Figure 1 Design of the gene circuit for programming the bacterial lifestyle
In order to obtain engineering bacteria that can display three lifestyles under different intensities of near-infrared light, the research team replaced RBS1 and RBS2 in batches, and screened candidate strains in batches through a 96-well lighting device, and then verified them with a microscope. The resulting engineered strain was named H017 (Fig. 2). The lifestyle of H017 can be programmed by adjusting the irradiation intensity of near-infrared light hierarchically. When H017 is subjected to a medium-intensity-high-intensity cycle of near-infrared light irradiation program, the bacteria will enter the biofilm state-lysis state lifestyle cycle.

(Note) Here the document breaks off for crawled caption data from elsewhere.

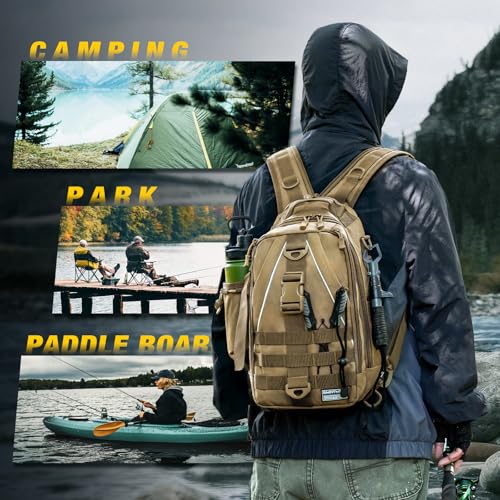 Ghosthorn Fishing Backpack Waterproof Tackle Bag Sling Bag Gift - color: Khaki Set, size: Standard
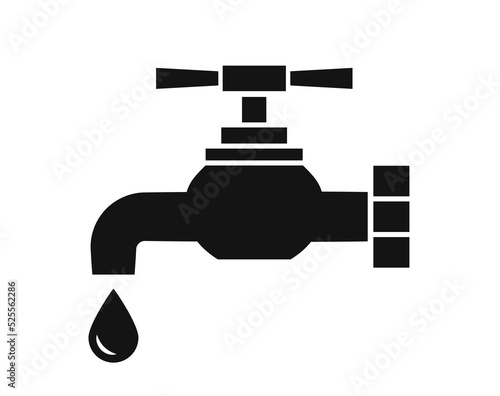 Water tap symbol and faucet vector icon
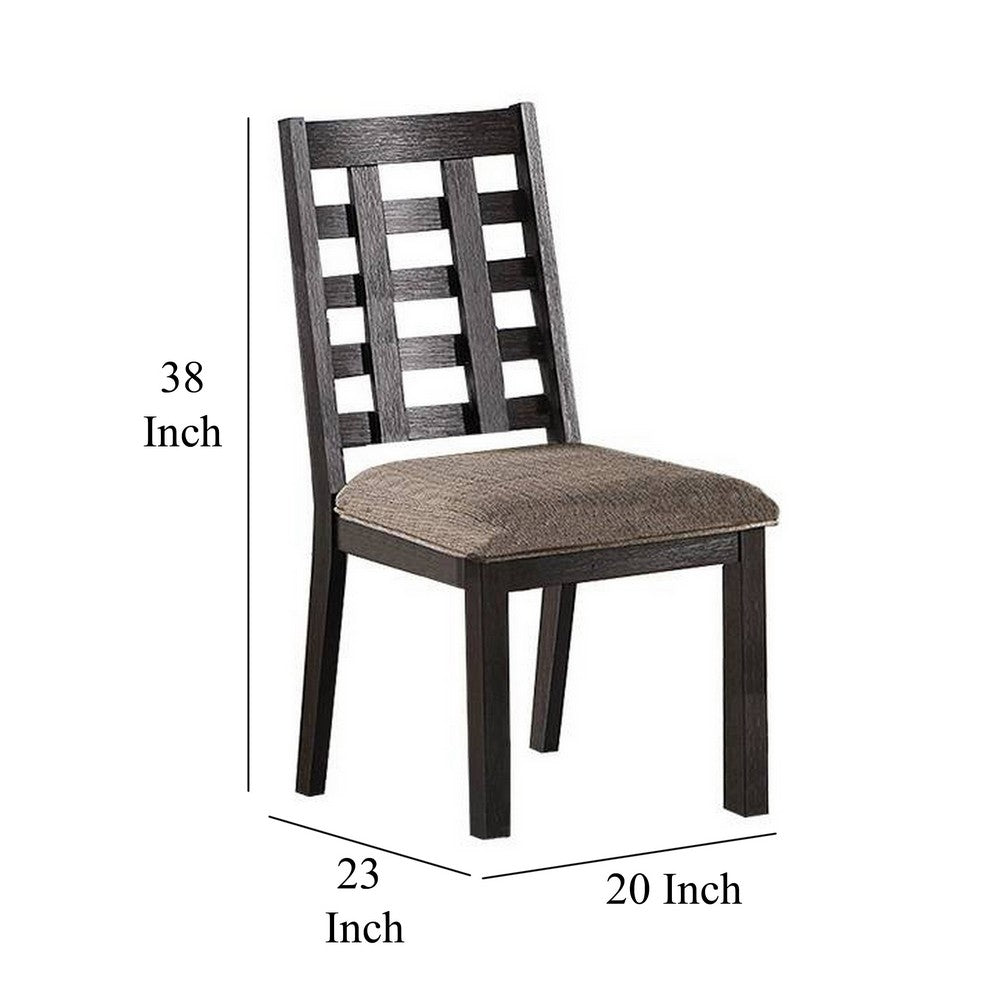 Benjara Trixy Dining Chairs, Set of 2, Open Square Back, Espresso Wood, Beige Fabric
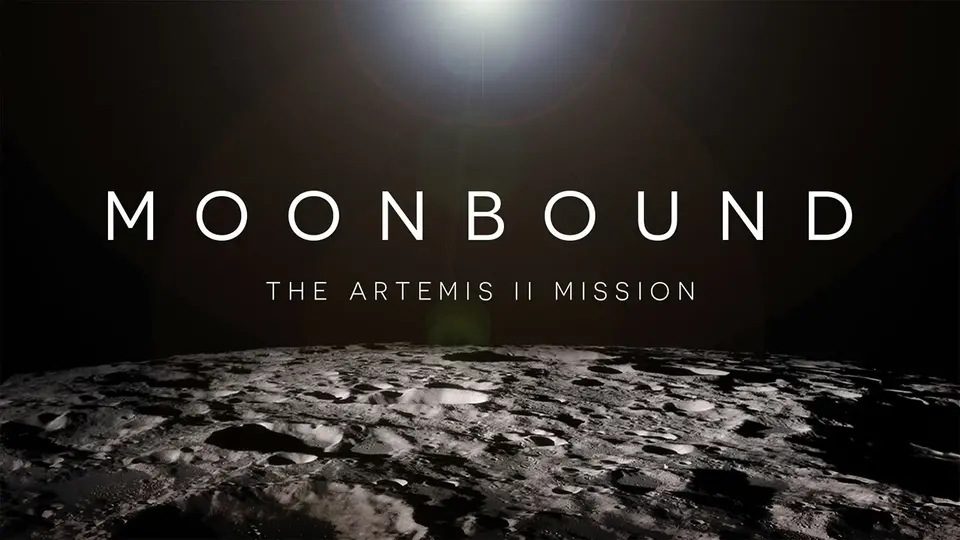Movie poster. In a dramatic movie poster, the lunar surface is shown in sharp detail in the foreground, looking dark and cratered. Above, large white letters spell 'MOONBOUND' against the darkness of space, with the words 'THE ARTEMIS II MISSION' in smaller text below. A strong, bright light is at the top center of the composition.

Fig. 2 Programming bacterial lifestyle by adjusting the intensity of near-infrared light hierarchically
In order to verify the role of the three lifestyles of engineered bacteria in tumor therapy in vitro, the research team conducted bacteria-cell co-culture experiments in microfluidic channels (Figure 3). The research team first confirmed that when cells in a designated area are illuminated with different intensities of near-infrared light, the engineered bacteria can precisely enter the corresponding lifestyle in the area. When a medium-intensity-high-intensity light program is applied to cells in a designated area, H017 first enters a biofilm state and colonizes a large number of cells on the surface, and then enters a lysed state to release therapeutic drugs and cause cell necrosis. The above results show that the lifestyle of engineered bacteria can be controlled with high spatio-temporal resolution by near-infrared light. In addition, based on the results achieved by the control group, the research team found that the drug accumulation process in the biofilm state and the drug release process in the cleavage state are the keys for H017 to kill tumor cells.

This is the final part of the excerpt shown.